August 17, 2013 4:36 PM Subscribe
I initially felt better after last week’s question, but everything came back... I think the answers last week (which were very helpful, by the way) helped me resolve specific career questions, but not the underlying emotional issues. I’ll try to explain it better this time.
posted by myitkyina to Human Relations (22 answers total) 15 users marked this as a favorite
I’m not worried so much about fame as it is about “greatness”. That is, I want my achievement/contribution to be “great”, and I’m more concerned with recognition in intellectual circles than among the general public. I spend most of my time reading biographies of people like this -- Bertrand Russell, Karl Popper, Elon Musk, Ludwig Wittgenstein, Max Planck, etc. -- and thinking, “I’m about where they were at this age, right? I’m on track” or “My IQ is roughly in their range, isn’t it?” or “It looks like I don’t have to really differentiate myself until university, right?” but then not being entirely convinced. I worry that I’m too late -- that, by this point, I should have won ISEF or something like that, or that I should at least be more focused -- and/or that I will turn out to simply not be innately intelligent enough.

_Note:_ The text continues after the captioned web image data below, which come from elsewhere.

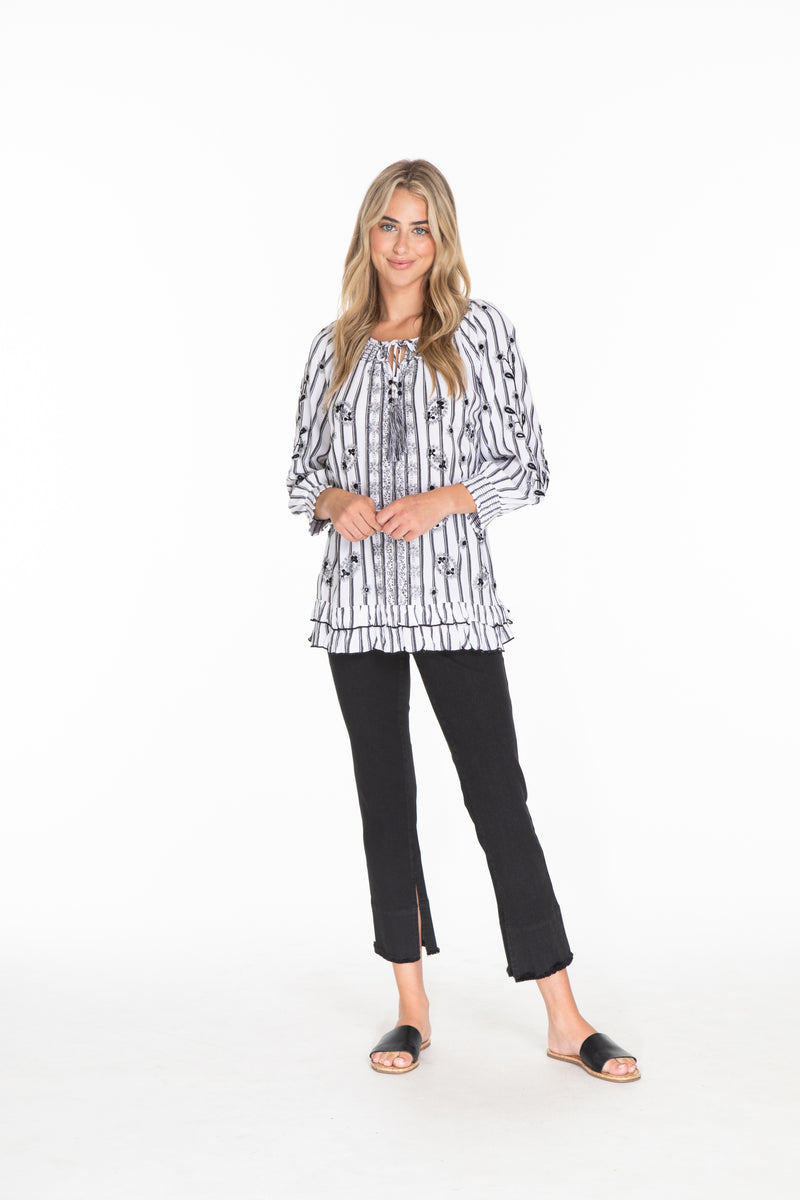 PEASANT TOP WITH SMOCKING AND EMBROIDERY - Black Stripe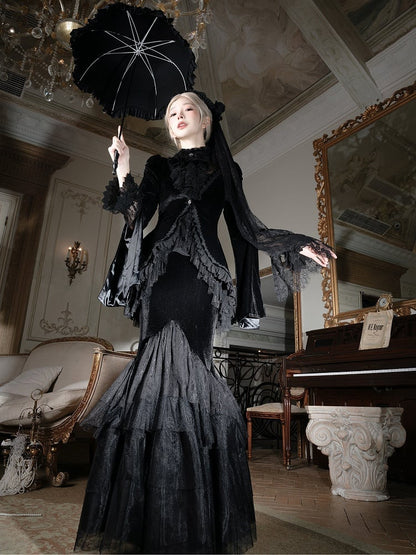 Black Embroidered Lace Blouse with Velvet V-Neck Coat and Layered Mermaid Skirt - DevilInspired Exclusive Collection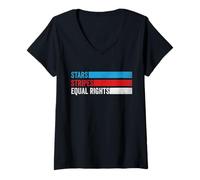 Mujer Stars Stripes And Equal Rights Derechos de las mujeres 4 de julio Camiseta Cuello V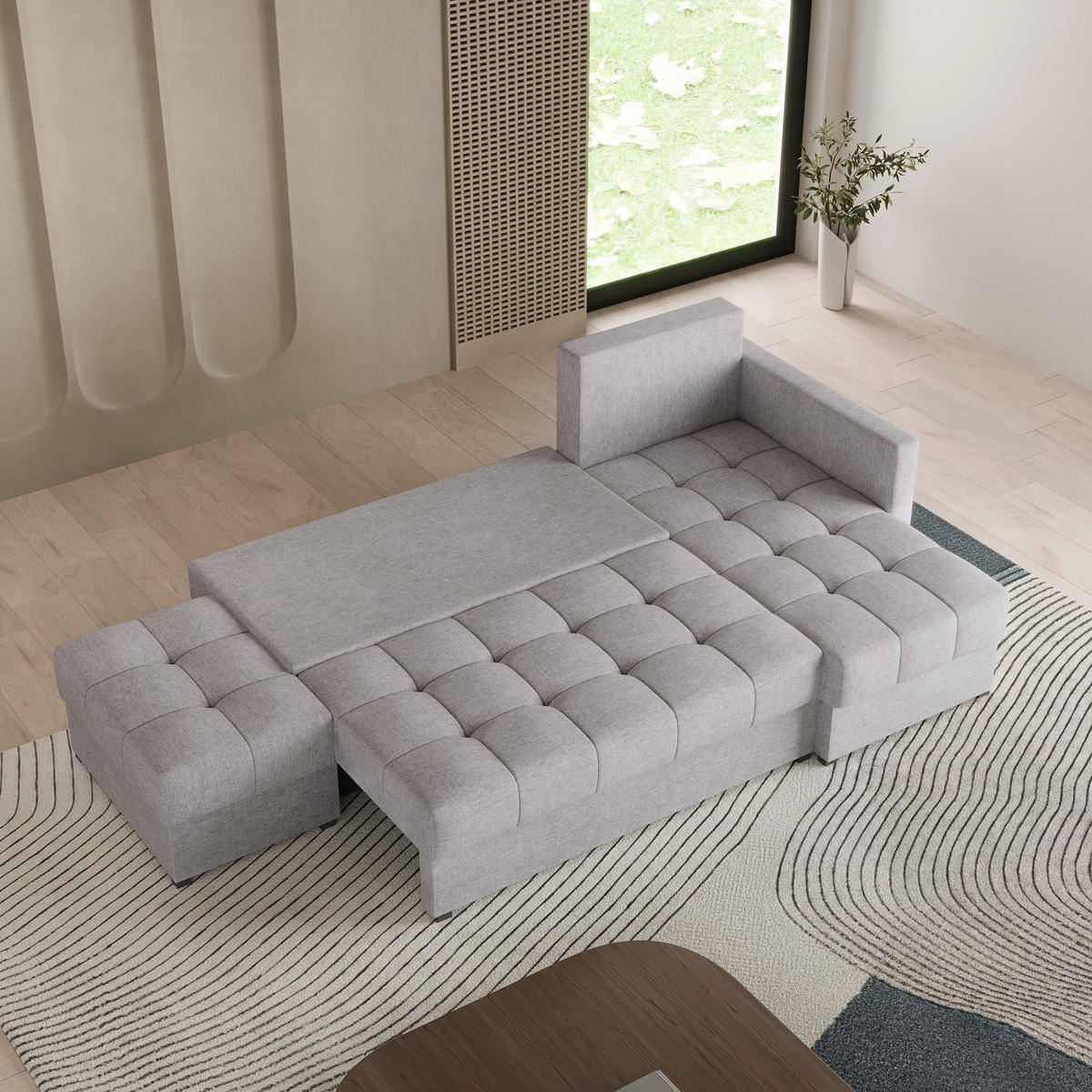 ECKSOFA LUMARI R-S Beige Plüsch-Stoff mit Schlaffunktion - Beige, Holz (262/143cm) - MASSENO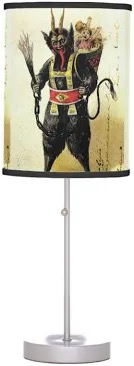 Lamp with image of Krampus on the lampshade 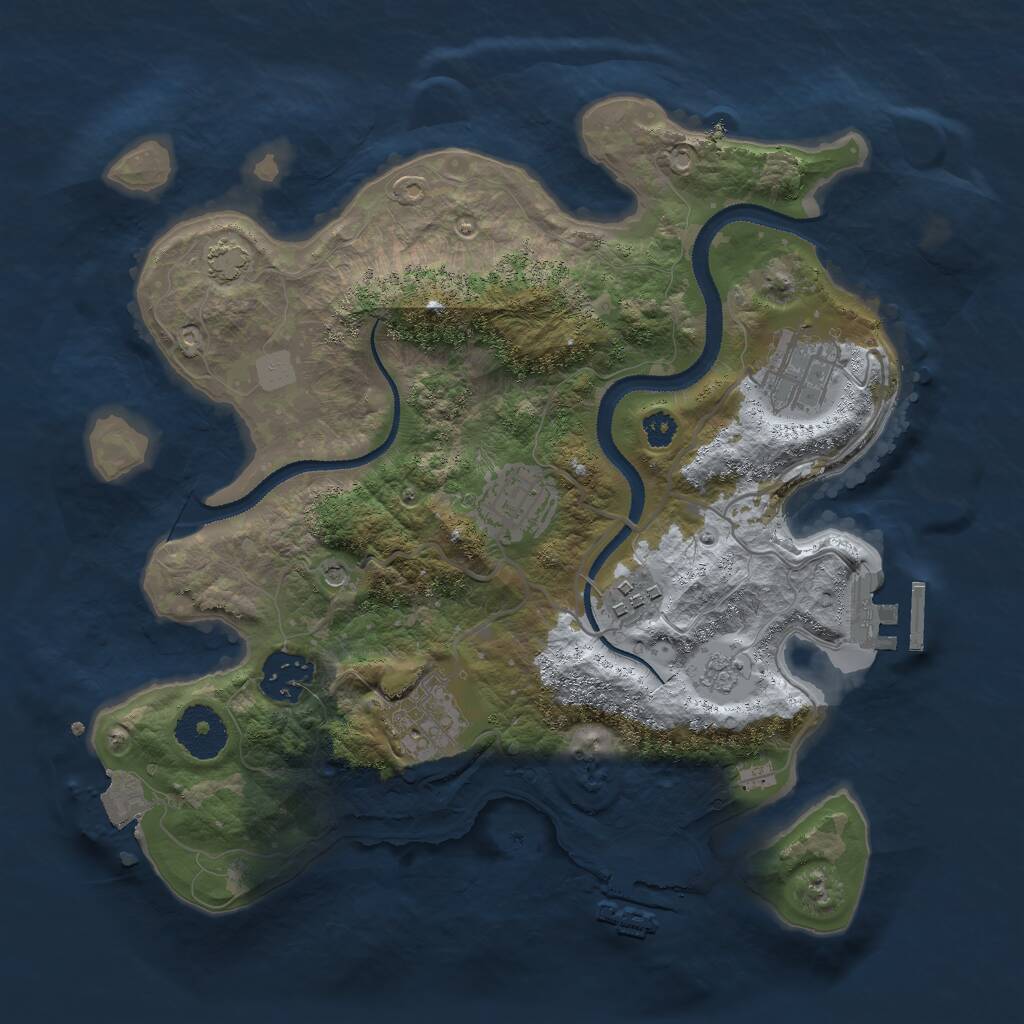 Rust Map: Procedural Map, Size: 3000, Seed: 860014394, 11 Monuments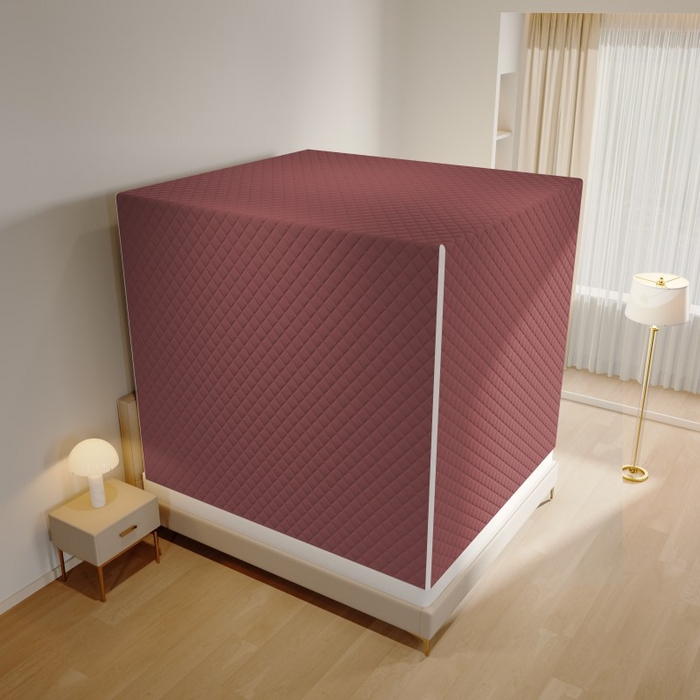 91家纺网 家纺一手货源 找家纺 卓尔居 2025新款坐床保暖罩夹棉一体式保暖蚊帐，夹棉蚊帐，冬季蚊帐 枣红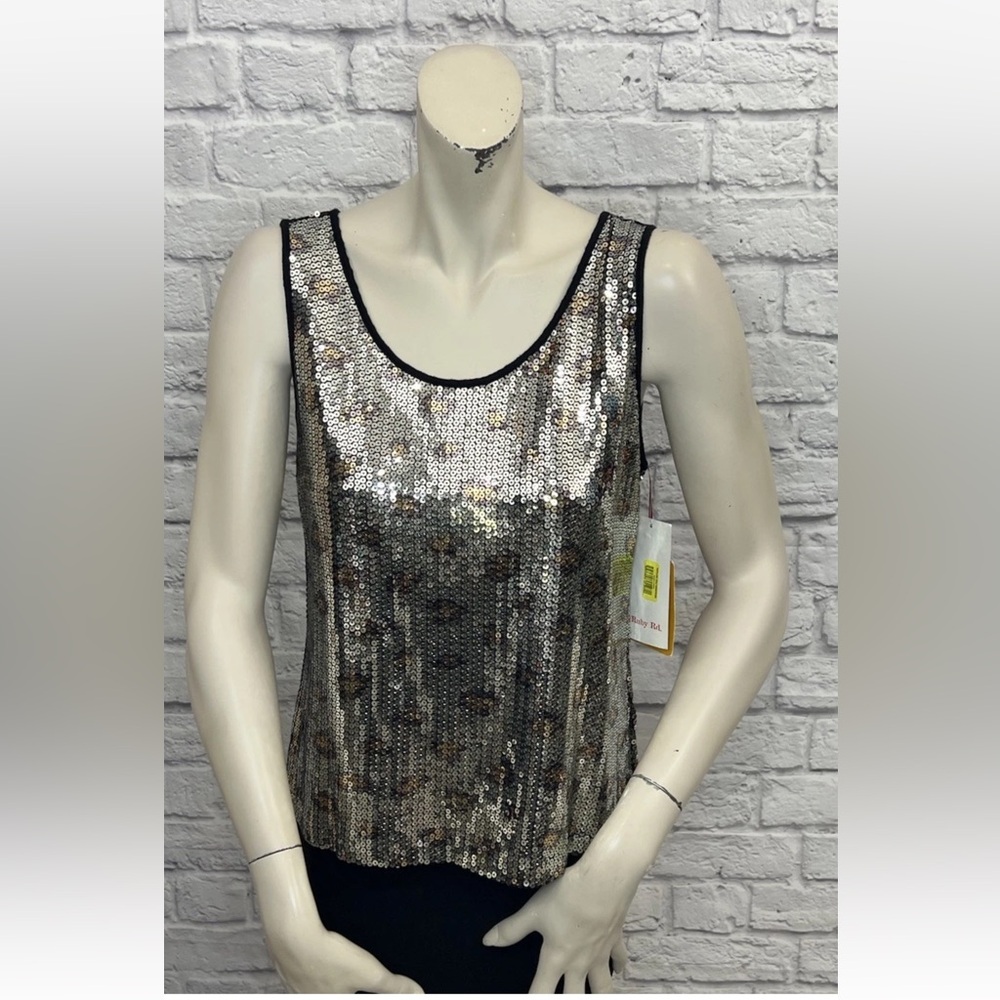 RUBY RD. BLACK & GOLD SEQUIN LEOPARD PRINT SLEEVELESS TOP SIZE S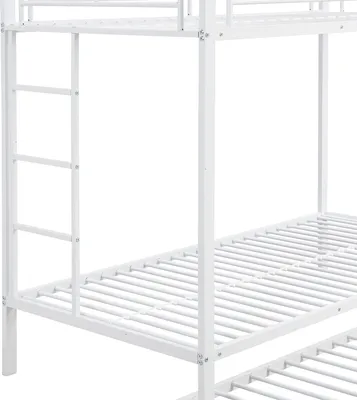 A close-up view of a white metal bunk bed frame, showing the ladder and the slatted bed bases.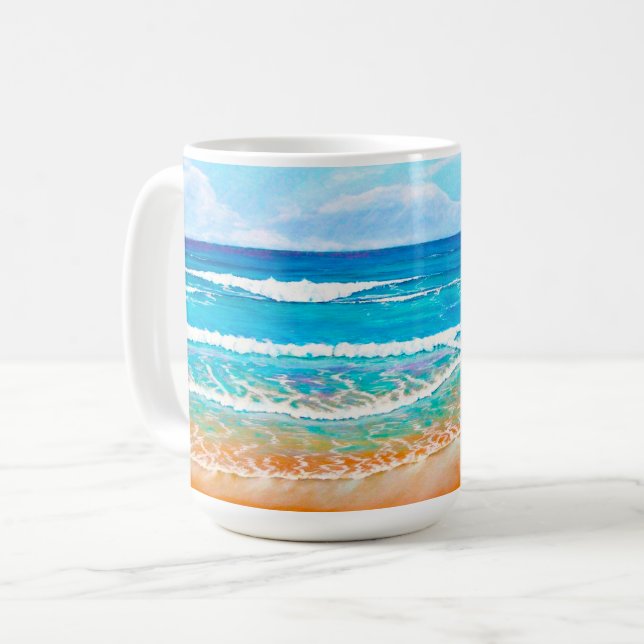 Taza De Café Verano de pintura de la playa azul australiana (Anverso izquierdo)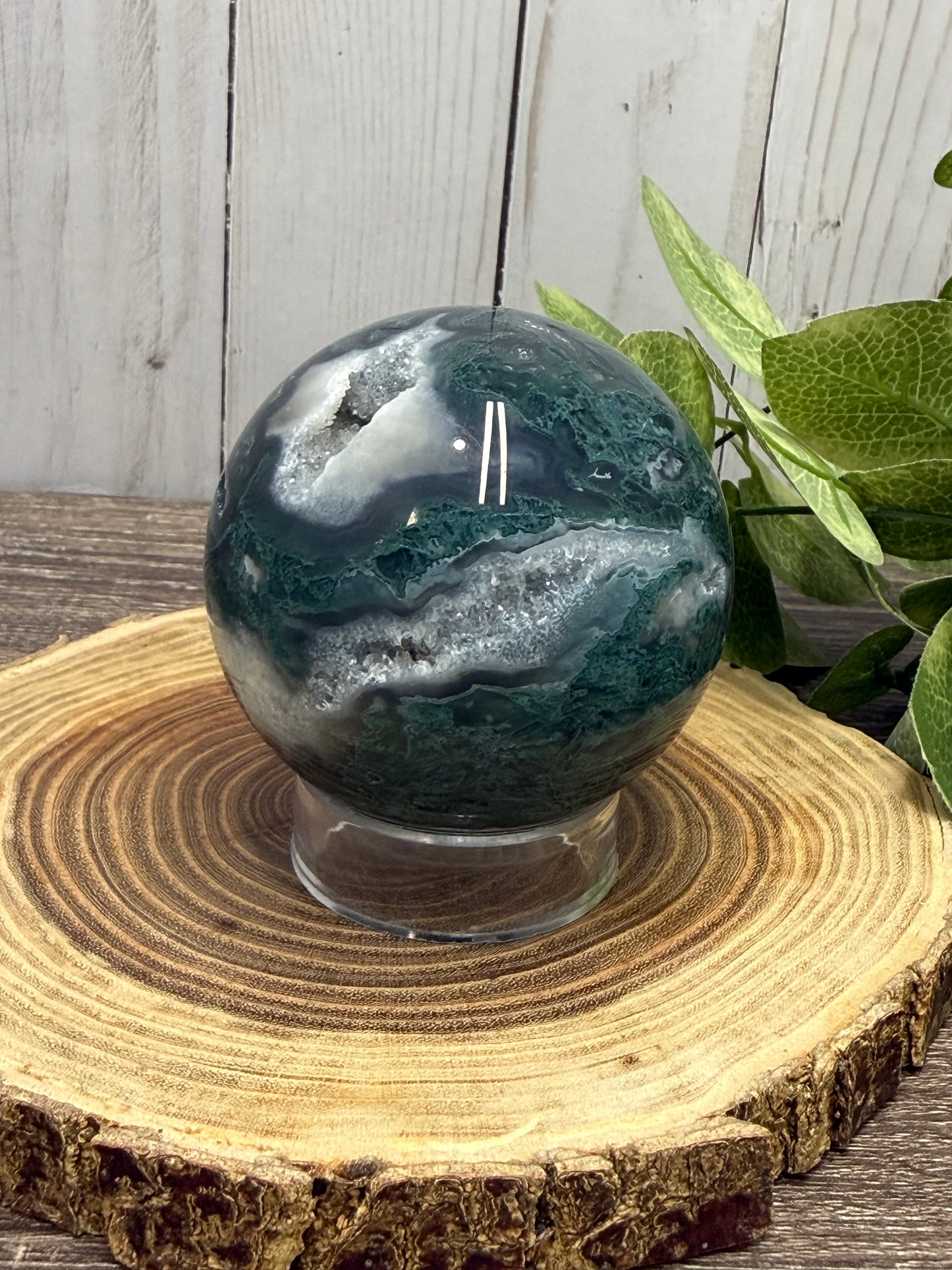 Moss Agate Spheres - Druzy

I thought that one possible solution would be to figure out what I’m “passionate” about and to just do that. But I don’t really have any “passions”... I want to learn about math/logic/science/technology/etc., but I haven’t been “fascinated by mathematics from an early age”, and there’s no emotional component to my interest. So, I feel like I’m not being “authentic” -- that I’m guiding my interests based on my need for “greatness” -- and that therefore I am setting myself up for failure and that I will not enjoy a career in math/science/etc. enough to make important contributions to it. I feel like all of those who have achieved “greatness” (e.g. the people listed above) didn’t care about it or seek it out but simply did what they genuinely enjoyed. I think that maybe this is just a personality thing, and that my emotions aren’t as strong as those of other people (I’ve dealt with this before). I also think that I probably have control over my own “passions”, but I can’t convince myself of it.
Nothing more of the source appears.